En Mauritanie, le 8 mars est une journée plus qu’ordinaire. Elle passe presque inaperçue parce que l’écrasante majorité des femmes n’accordent que très peu d’importance à « id el mar’a » (la fête de la femme) qui n’est jour de repos que pour les fonctionnaires (femmes) et les élèves (filles). Oui, il faut bien qu’on le précise parce que même dans la langue « le masculin prime sur le féminin » !
Les droits de la femme en Mauritanie méritent bien plus qu’une journée pour être reconnus. Jusqu’à récemment encore, les Mauritaniennes n’avaient pas le droit à la pension de retraite ! Une aberration qu’un projet de loi adopté en Conseil des ministres, le 06/10/2011, tente de corriger. Il abroge et remplace certaines dispositions de la loi 61-016 en date du 30 janvier 1961 fixant le régime des pensions civiles de la caisse de retraite de la République Islamique de Mauritanie. L’amendement de cette loi touchant les articles 21 et 22 dudit texte comble un vide juridique qui a longtemps duré, les nouvelles dispositions permettant à l’époux et aux enfants de bénéficier de la pension de la femme fonctionnaire décédée. Mais il y a un hic : Depuis deux ans, cette loi manque encore de décret d’application !

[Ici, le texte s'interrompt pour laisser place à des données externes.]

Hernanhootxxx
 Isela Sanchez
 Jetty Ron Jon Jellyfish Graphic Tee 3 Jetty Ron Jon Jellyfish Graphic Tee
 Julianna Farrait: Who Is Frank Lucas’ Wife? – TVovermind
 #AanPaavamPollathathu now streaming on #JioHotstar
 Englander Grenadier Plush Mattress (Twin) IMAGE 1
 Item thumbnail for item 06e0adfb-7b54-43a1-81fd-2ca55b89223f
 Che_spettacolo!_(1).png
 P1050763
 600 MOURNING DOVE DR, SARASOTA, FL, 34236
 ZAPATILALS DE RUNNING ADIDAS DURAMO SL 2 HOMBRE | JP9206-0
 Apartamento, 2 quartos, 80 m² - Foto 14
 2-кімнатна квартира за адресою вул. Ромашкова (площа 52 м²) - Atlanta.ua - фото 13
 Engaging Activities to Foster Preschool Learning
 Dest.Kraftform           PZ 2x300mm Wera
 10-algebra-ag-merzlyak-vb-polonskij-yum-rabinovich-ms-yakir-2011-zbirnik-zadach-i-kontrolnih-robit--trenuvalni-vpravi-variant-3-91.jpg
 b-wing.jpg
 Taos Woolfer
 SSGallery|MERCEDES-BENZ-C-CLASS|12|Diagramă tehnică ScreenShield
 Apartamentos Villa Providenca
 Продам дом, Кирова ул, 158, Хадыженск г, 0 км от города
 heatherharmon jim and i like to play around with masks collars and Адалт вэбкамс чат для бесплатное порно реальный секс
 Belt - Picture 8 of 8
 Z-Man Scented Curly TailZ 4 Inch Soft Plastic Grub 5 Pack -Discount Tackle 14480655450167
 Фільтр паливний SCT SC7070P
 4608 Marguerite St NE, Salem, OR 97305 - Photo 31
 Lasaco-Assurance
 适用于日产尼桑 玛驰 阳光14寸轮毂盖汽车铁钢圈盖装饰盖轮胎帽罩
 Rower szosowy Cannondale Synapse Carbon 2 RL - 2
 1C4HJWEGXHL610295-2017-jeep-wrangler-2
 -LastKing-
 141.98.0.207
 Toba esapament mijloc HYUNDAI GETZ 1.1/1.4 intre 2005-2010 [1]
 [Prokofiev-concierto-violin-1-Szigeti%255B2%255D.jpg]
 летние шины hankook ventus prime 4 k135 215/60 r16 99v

Les femmes ne retrouvent vraiment la plénitude de leurs droits que quand il faut imposer aux hommes la manière dont les mariages et les baptêmes sont faits. Des centaines de milles, voire des millions d’ouguiyas sont dilapidés le temps d’un mariage, d’un baptême, où il faut se surpasser, faire mieux que telle famille !
Les femmes règnent aussi en maîtresses durant les campagnes électorales (présidentielles, législatives et municipales). L’animation qui fait l’essentiel de l’action politique est laissée entre les mains de cette frange sociale qui, selon les dernières statistiques disponibles, représentent 53% de la population du pays ! Mais le leadership de la gent féminine s’arrête là. Depuis l’indépendance du pays, aucun président n’a pensé à désigner une « Première » ministre ou une « présidente » de l’Assemblée nationale ou du Sénat. Il n’y a pas de femmes « magistrate », non plus. Dans la formation de chaque gouvernement, la première chose que l’on regarde, après, bien sûr, la question des quotas Maures –Négro-Mauritaniens, est celle de la parité. Combien de femmes ?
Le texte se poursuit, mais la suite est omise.